As most people know, distribution from an IRA or 401(k) must begin by age 70-1/2, actually by the April 1 of the year following attainment of age 70-1/2. There are significant penalties if the required minimum distribution is not made on time.

What many people may not know is that if you delay your required minimum distribution until that April 1, and you elect to have a minimum amount distributed each year you must, for subsequent years, receive the RMDs by December 31 of each year. This means you will be required to take a second RMD in the same year as your initial distribution, which counts as the second year for RMDs.

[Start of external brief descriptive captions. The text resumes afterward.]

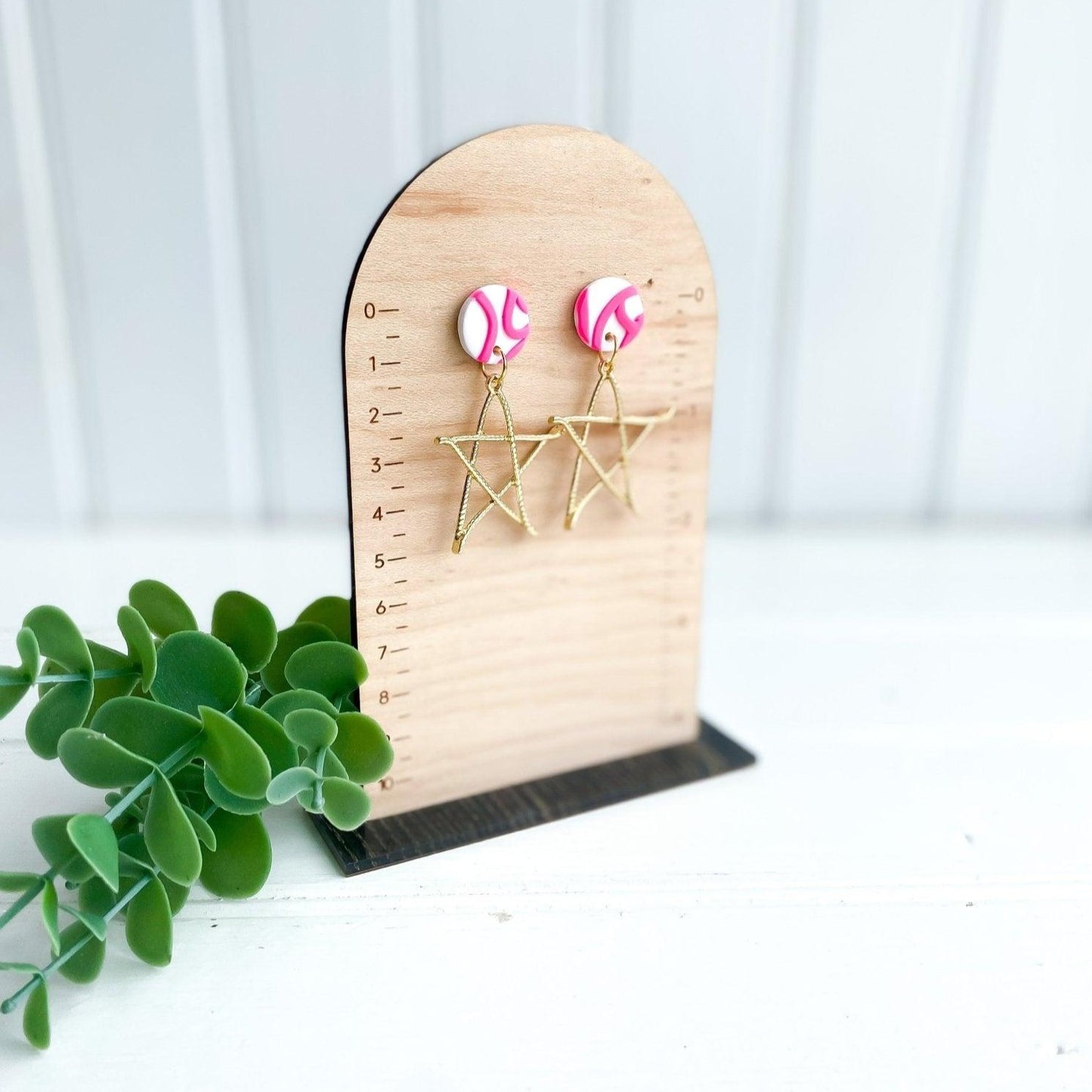 Handmade Pink and White Abstract Earrings with Surgical Steel Posts on Wood Earring Measurement Stand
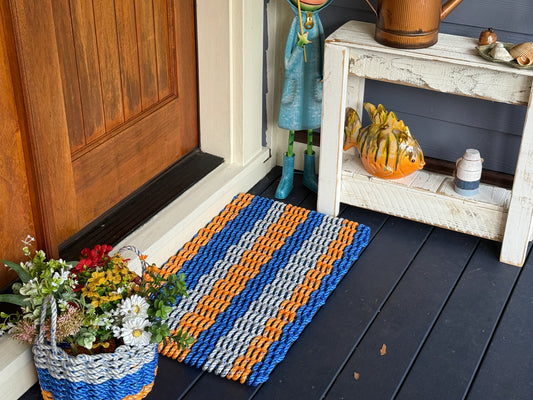Coastal Wave Doormat - Blue, Orange and Gray - Lollis Loops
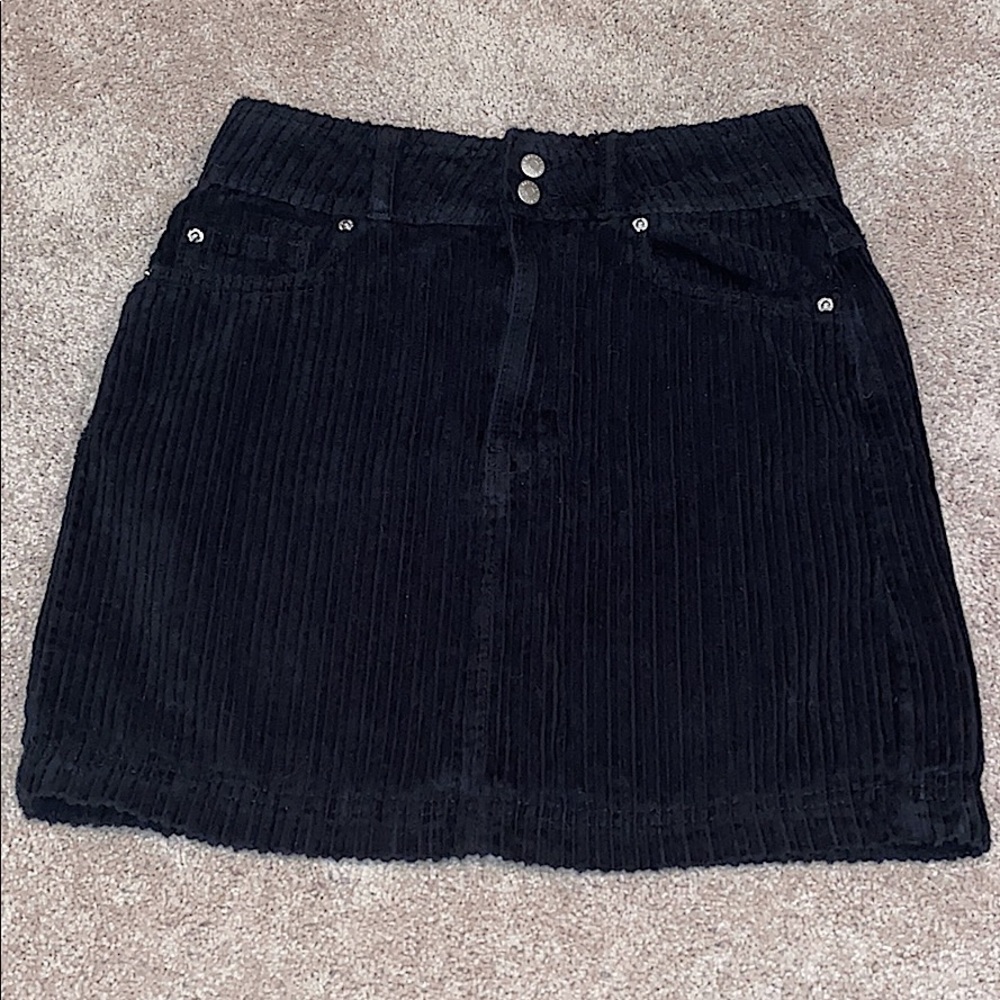 Corduroy black mini skirt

For example, let’s say you will be 70-1/2 in 2013. You must make a distribution for 2013 and the next RMD in 2014. However, by delaying the 2013 distribution until April 2014, you still must make the RMD for 2014 as well.

Taking two RMDs in one year may not be an issue for you.

However, depending on your total income those two distributions may mean you pay more in taxes than you would with only one distribution on a calendar year. Remember, if you do not take that second distribution, you will be subject to penalties.

You might want to consider making your first RMD In the year you attain age 70-1/2 rather than the following year if paying a higher tax rate is in your future.

Bottom line is that if you delayed your required RMD for 2011 until April 1, 2012, your next RMD must be made by December 31, 2012.

Always check with a qualified tax advisor in advance, you are no match for Uncle Sam.